Start of AVAILABLE RECORDS
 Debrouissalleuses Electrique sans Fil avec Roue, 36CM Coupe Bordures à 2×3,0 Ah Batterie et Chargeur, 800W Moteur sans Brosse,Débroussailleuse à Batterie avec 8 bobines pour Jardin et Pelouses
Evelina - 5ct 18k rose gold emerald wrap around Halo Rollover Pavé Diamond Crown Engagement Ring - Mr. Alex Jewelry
End of AVAILABLE RECORDS
Start of AVAILABLE RECORDS
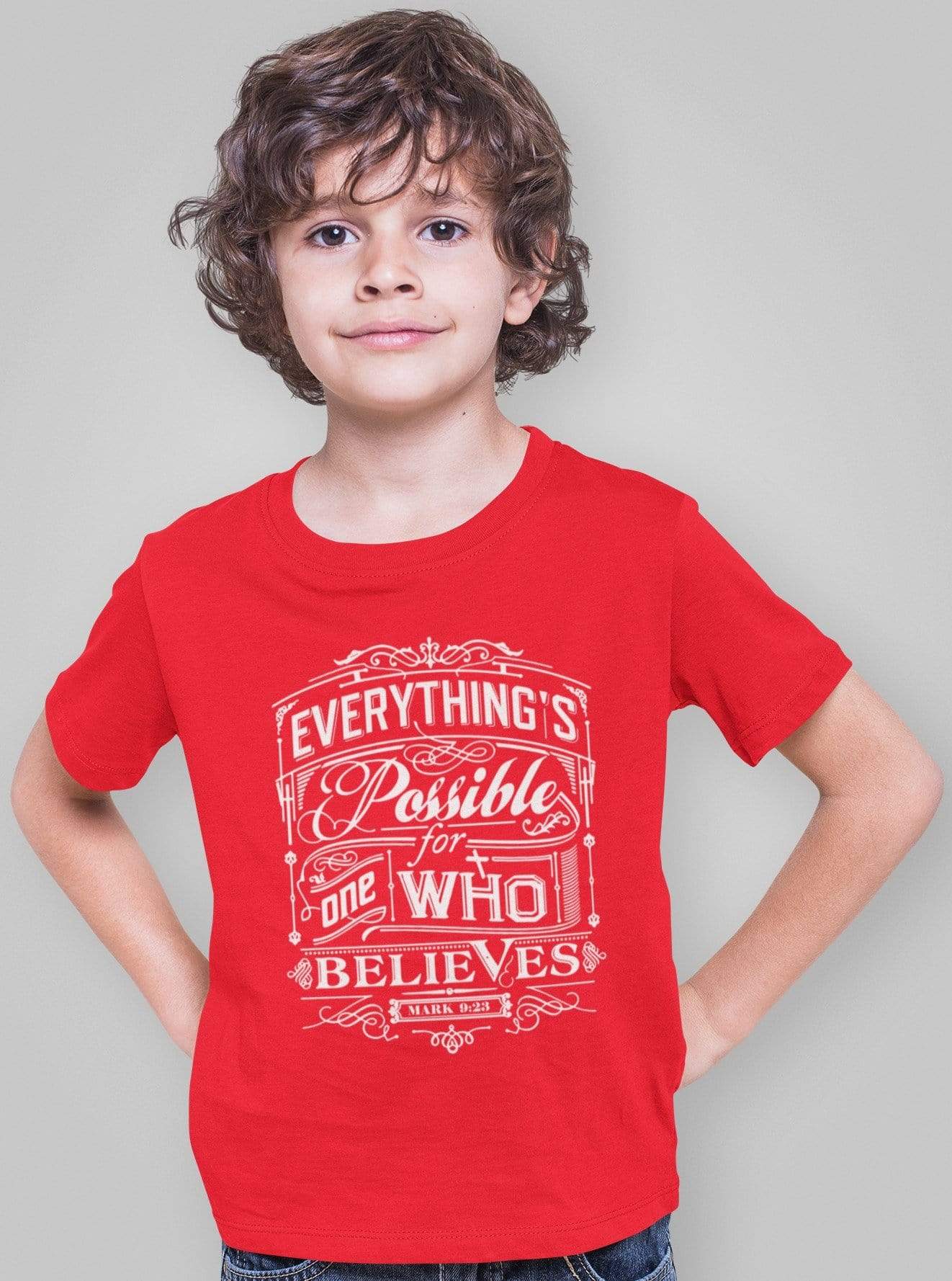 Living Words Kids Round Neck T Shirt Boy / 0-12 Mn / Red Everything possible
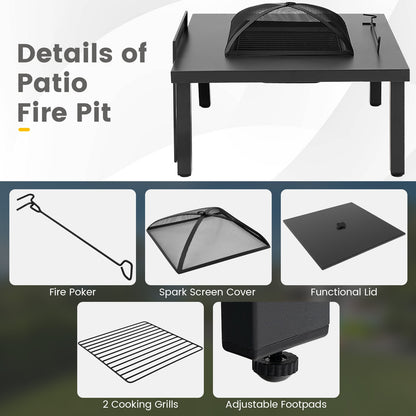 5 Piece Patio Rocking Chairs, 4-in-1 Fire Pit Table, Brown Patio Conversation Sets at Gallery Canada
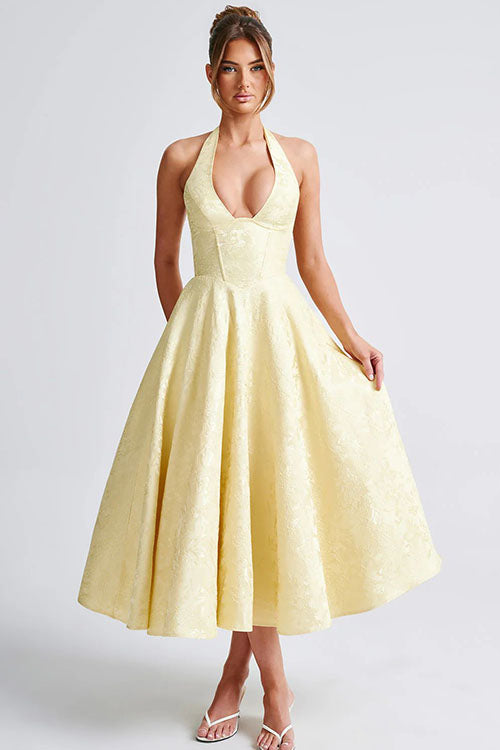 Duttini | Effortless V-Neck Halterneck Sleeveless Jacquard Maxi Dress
End of AVAILABLE RECORDS
> _TASK DETAILS_:
Give again the lines of the listing above that run from the one with "Living Words Kids" up to and including the one with "Duttini | Effortless". Keep them exact and omit the pictures.

> _FINISHED EXERCISE_:
 Living Words Kids Round Neck T Shirt Boy / 0-12 Mn / Red Everything possible
 5 Piece Patio Rocking Chairs, 4-in-1 Fire Pit Table, Brown Patio Conversation Sets at Gallery Canada
 Duttini | Effortless V-Neck Halterneck Sleeveless Jacquard Maxi Dress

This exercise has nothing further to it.